Quand, au cours du mariage dont je parlais tout à l’heure, la jeune femme a rempli mon assiette, il était clair pour elle que je voulais manger. Peu importe quoi, pourvu que l’assiette soit remplie ! Pourtant, j’aurais bien aimé dire ce que je voulais. Vous comprenez bien qu’il ne s’agit pas seulement de remplir une assiette, mais de bien plus. C’est une question de respect, de prise en considération. Je ne suis pas un bébé ou un animal.
Quand Bartimée s’approche de Jésus, il semble clair ce qu’il veut. Mais Bartimée n’est pas un bébé, ni un animal. C’est un être humain, digne de respect et de considération.

J’aurais aimé exprimer tout simplement ce que je voulais
Et c’est pourquoi Jésus lui demande ce qu’il veut. Par respect. Il ne veut rien imposer à Bartimée. Il lui permet d’exprimer ses besoins. Voilà ce que j’aurais souhaité de la part de la jeune femme : j’aurais aimé exprimer tout simplement ce que je voulais manger. D’ailleurs, que la personne qui est en face soit handicapée ou non, pour connaître les besoins de l’autre, le plus simple, c’est de les lui demander. On peut les deviner en partie. Mais pour éviter le risque de se tromper, il suffit de demander ! J’aime beaucoup cette histoire de Bartimée. J’aime surtout que Jésus n’impose rien et respecte l’autre, même s’il avait évidemment compris depuis longtemps ce que Bartimée désirait. Il écoute, il s’intéresse à lui. Et sa réponse n’est pas une réponse standard qu’il sort d’un tiroir, mais elle est personnalisée, elle répond exactement aux besoins de l’autre.
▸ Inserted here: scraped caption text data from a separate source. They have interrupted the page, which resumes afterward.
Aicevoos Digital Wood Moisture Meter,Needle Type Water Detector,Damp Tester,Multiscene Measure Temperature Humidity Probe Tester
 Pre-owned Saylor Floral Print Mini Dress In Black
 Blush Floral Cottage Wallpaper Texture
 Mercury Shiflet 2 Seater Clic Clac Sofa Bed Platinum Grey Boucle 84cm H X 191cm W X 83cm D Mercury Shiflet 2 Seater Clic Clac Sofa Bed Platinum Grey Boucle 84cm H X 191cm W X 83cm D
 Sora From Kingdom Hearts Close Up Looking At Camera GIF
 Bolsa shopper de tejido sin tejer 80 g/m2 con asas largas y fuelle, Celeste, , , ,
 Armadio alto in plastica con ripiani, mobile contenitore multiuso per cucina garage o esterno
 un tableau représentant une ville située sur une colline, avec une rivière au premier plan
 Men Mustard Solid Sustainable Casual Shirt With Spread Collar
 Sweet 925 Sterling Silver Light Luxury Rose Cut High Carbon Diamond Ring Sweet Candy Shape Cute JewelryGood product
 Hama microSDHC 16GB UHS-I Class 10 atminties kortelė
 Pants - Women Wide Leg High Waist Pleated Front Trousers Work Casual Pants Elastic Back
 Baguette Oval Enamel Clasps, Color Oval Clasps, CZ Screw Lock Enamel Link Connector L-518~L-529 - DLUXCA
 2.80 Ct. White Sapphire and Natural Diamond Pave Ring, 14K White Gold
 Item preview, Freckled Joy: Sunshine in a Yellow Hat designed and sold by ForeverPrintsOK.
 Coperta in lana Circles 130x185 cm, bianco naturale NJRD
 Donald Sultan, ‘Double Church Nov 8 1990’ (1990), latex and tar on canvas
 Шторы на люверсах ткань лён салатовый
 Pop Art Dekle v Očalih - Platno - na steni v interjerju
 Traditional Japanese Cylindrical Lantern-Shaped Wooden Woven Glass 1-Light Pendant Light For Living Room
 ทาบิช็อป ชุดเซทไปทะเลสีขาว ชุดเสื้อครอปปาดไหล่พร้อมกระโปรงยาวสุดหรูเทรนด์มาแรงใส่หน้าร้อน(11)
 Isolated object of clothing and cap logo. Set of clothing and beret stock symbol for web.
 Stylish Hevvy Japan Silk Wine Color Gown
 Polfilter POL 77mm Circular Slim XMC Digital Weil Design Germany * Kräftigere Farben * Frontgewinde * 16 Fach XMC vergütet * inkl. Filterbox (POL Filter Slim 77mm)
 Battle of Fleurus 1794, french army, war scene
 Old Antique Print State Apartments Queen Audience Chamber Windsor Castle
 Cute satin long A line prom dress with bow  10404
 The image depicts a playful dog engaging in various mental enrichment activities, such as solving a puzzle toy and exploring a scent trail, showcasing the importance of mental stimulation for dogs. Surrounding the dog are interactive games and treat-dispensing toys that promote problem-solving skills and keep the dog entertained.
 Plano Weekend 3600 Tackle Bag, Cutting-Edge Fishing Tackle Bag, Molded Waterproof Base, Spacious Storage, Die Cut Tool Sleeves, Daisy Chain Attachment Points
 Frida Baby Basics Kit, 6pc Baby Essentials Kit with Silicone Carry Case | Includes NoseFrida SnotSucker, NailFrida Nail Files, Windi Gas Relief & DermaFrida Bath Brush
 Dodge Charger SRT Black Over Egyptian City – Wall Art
Quand Bartimée répond : « Je veux voir ! », Jésus ne prononce toujours pas de formule magique, n’exécute pas de geste mystérieux. Il dit simplement : « Ta foi t’a guéri ».
Ce qui est important pour Bartimée, au-delà de la vue, c’est qu’il reçoive la confirmation que sa foi, cette foi qui guérit, est juste. Alors, cette foi, c’est quoi ? C’est la volonté de rencontrer Jésus, malgré tous les obstacles apparents. C’est ne pas lâcher prise et croire qu’il donne LA réponse à ses besoins.
Et vous, que répondriez-vous si Jésus vous demandait : « Que veux-tu que je fasse pour toi ? »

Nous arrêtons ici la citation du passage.